## Record set

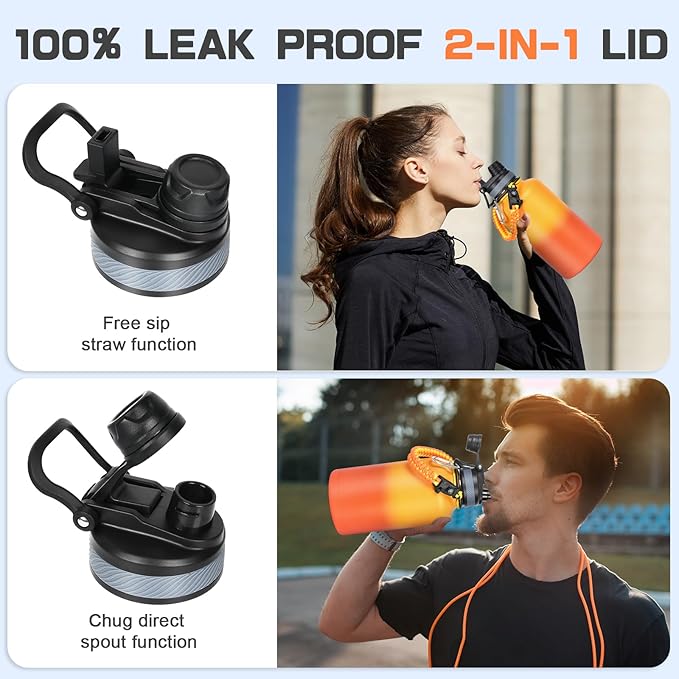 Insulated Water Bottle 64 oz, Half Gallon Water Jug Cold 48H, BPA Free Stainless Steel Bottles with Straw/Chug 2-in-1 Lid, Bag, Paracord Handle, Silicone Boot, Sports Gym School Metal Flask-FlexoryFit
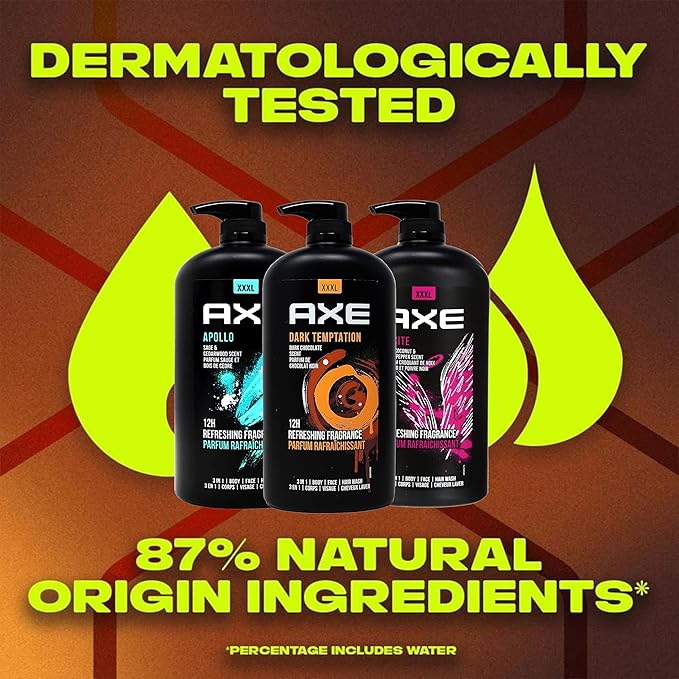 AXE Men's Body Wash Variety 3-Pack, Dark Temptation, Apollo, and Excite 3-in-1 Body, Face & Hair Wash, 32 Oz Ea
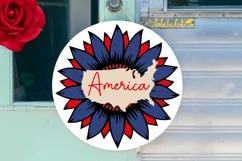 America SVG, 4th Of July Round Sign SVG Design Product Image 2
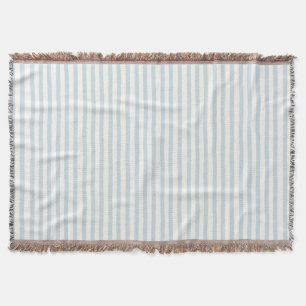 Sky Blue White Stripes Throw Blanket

---

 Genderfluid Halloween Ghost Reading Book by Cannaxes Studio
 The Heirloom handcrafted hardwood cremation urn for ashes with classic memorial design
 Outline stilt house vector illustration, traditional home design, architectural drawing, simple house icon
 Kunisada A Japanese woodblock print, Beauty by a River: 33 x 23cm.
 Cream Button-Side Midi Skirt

## Brief
In the listing above, find the line containing "America SVG, 4th" and the line containing "Sky Blue White Stripes Throw Blanket"; print those lines and every line between them exactly, leaving out pictures.

## Solved exercise
 America SVG, 4th Of July Round Sign SVG Design Product Image 2
 Sky Blue White Stripes Throw Blanket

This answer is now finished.